My Three Books: Eric Austin Lee Edition

My Three Books: Eric Austin Lee Edition December 13, 2013

Eric Austin Lee

Feast of St Lucy

13 December 2013

On the Edge of Elfland

West Sacramento, California

Dear Friends and Family,

David has kindly sent out a call for our ‘My 3 Books’, in the spirit of Theology Studio‘s tradition of asking its interviewee’s which 3 books have had the most profound affect upon them theologically. Such decisions are always incredibly difficult ones, and I could add at least another ten books to this list, but, if one were to have to choose, I think this is where I would start: Practice in Christianity, by Anti-Climacus / Soren Kierkegaard, translated and edited by Howard V. Hong and Edna H. Hong (Princeton: Princeton University Press, 1991).

I first read this during my MA at PLNU, under the direction of Professor Mike Lodahl. It was an exhilarating read, not only for its critique of ‘established Christianity’, but also because this book in many ways sums up Kierkegaard’s thought in a pseudonym that is even ‘higher’ than he is able to personally achieve.  A later book, Practice in Christianity also combines his critical, pseudonomous style with the ‘upbuilding discourse’-style as the latter part of the book consists of meditations on Scripture, much like those found in Eighteen Upbuilding Discourses and Words of Love (amongst others). One of my favourite meditations on Scripture is his series of discourses on John 12:32. The creativity and inspiration behind these Scriptural meditations are some of the brightest guideposts in the tradition. For me, primarily, the energy and passion about what it means to be a Christian for Anti-Climacus has shaped a great deal of my own journey: Christianity is not meant to be an easy life, for the way of the Cross is a difficult one, and anything which says otherwise “abolishes Christianity!”

Genealogy of Nihilism: Philosophies of Nothing and the Difference of Theology, by Conor Cunningham (London: Routledge, 2002).

I distinctly remember where I was when I finished this book: on my lunch hour at a Mexican food restaurant in San Diego next to the I-5 freeway. It stuck with me because, when I finished this book, I’d never read anything else like it. Yes, I had just finished John Milbank’s wonderful Theology and Social Theory, but, even though it was one of the most difficult books I had ever read at that point, something about this work really struck me. The combination of very dense philosophy on the one hand with beautiful theological prose on the other, alongside such a variety of sources that I wouldn’t have regularly thought was possible. But beyond stylist remarks, it was Cunningham’s vision of proposing a theological alternative to the logic of nihilism that, contrary to most un-nuanced accounts by his detractors, is not simply one that argues that theology is ‘better’ than nihilism; rather, he shows that both nihilism and theology begin with accounts of nothingness: the former cannot stand upon it’s own edifice and ultimately becomes intelligible, while the latter Christian account is primarily one of gift that, out of nothing, God creates. On the one hand, such a logic is simple, but as it is not a ‘simplistic’ one, it is also the kind of account that takes a lifetime — an eternity, even — to understand, needing constant education (to echo Luigi Giussani). Those who know me will know I’m very indebted to Cunningham’s wide-ranging approach and style, not to mention the fact that he was my Doktorvater, so this book will always stay with me. I return to it often, if just for the bibliography alone!

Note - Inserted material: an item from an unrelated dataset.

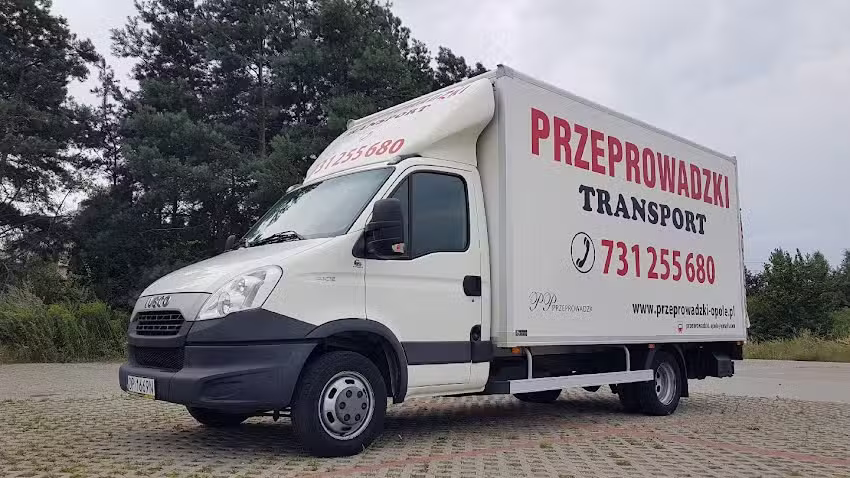 PP Przeprowadzki Piotr Pyda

Plato’s Critique of Impure Reason: On Goodness and Truth in the Republic, by D. C. Schindler (Washington, D. C.: Catholic University of America Press, 2008).

It is hard to imagine that a book on Plato like this exists. I’ve read a lot of scholarship on Plato and Socrates, and while some of it is very good and most of it is rather boring, this book stands out like no other. It is the kind of philosophical book where — and not only because I know the author’s theological commitments and indebtedness to Hans Urs von Balthasar — one can see the theological transcendence brimming from every chapter, without even mentioning Christ or Scripture. It takes a mind attuned to the beautiful to be able to read off of philosophical texts (eg, the ‘book of nature’, so to speak) and see a reality resplendent with the light of the Good, all while still maintaining a high standard of scholarship. All of this is prolegomena to say that D. C. Schindler’s work sums up a recent current to extricate Plato from the usual crude ‘dualisms’ with which he is accused. It can be summed up as a kind of ‘third way’ approach, one that argues not through analytic readings of the typical ‘What is F?’ arguments, but through an interpretation which attempts to order Plato’s works toward not just the Republic, but under Plato’s understanding of the Good itself. In this reading, the reader is reminded that Socrates, as the ‘stand-in’ for the Good, always returns to the cave in order to ‘save the appearances’. It is not a gnostic flight from the flesh into the transcendent forms, but an argument for understanding the particular at all, illuminated by the light of the Good.